Short text fragments from websites:

○ ○ ○ ○ ○

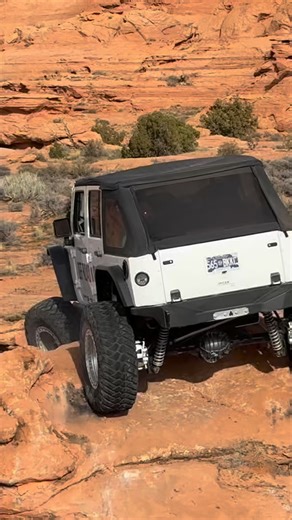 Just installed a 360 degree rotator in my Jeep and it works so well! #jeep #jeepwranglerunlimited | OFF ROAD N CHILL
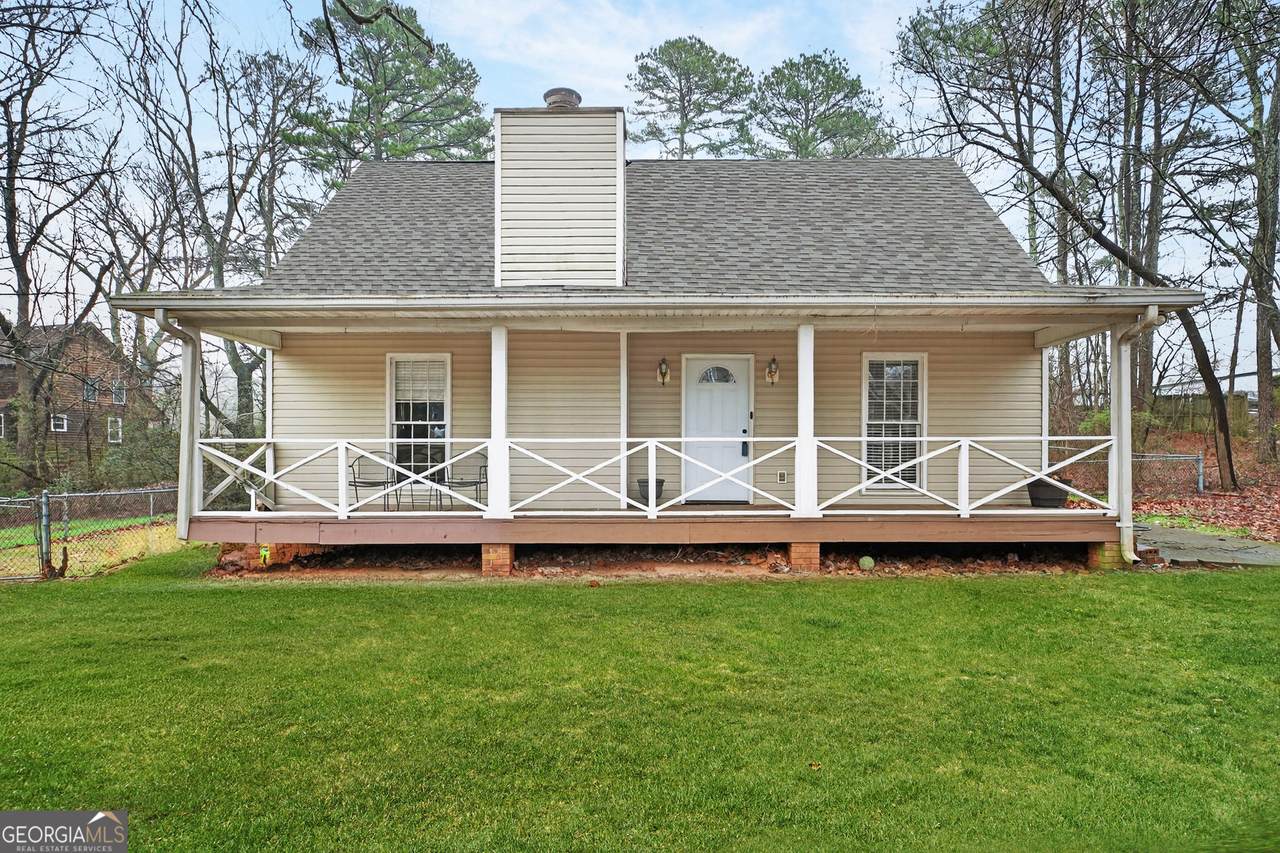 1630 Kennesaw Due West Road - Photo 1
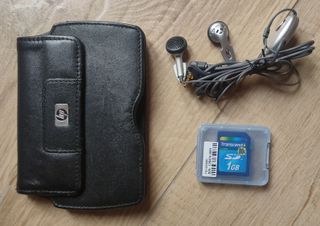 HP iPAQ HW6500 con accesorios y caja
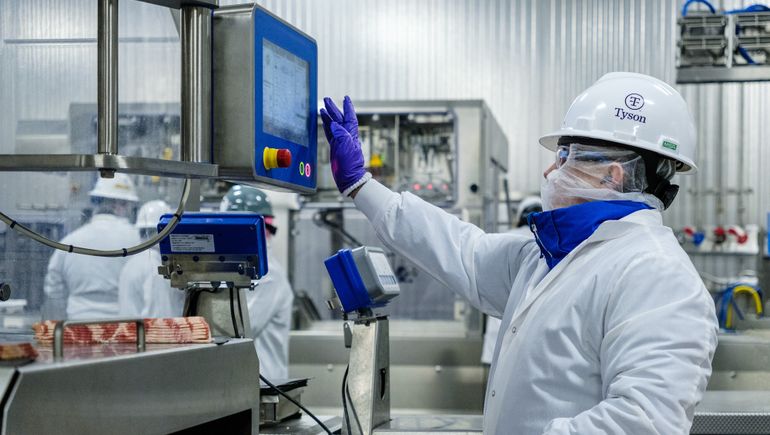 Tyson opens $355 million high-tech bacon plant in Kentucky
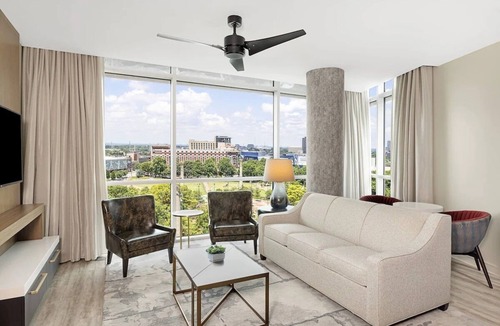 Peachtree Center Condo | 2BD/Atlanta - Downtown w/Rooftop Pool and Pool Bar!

○ ○ ○ ○ ○

What to do → Please transcribe all of the records above exactly, leaving out any pictures.

Exercise answer →
 Just installed a 360 degree rotator in my Jeep and it works so well! #jeep #jeepwranglerunlimited | OFF ROAD N CHILL
 1630 Kennesaw Due West Road - Photo 1
 HP iPAQ HW6500 con accesorios y caja
 Tyson opens $355 million high-tech bacon plant in Kentucky
 Peachtree Center Condo | 2BD/Atlanta - Downtown w/Rooftop Pool and Pool Bar!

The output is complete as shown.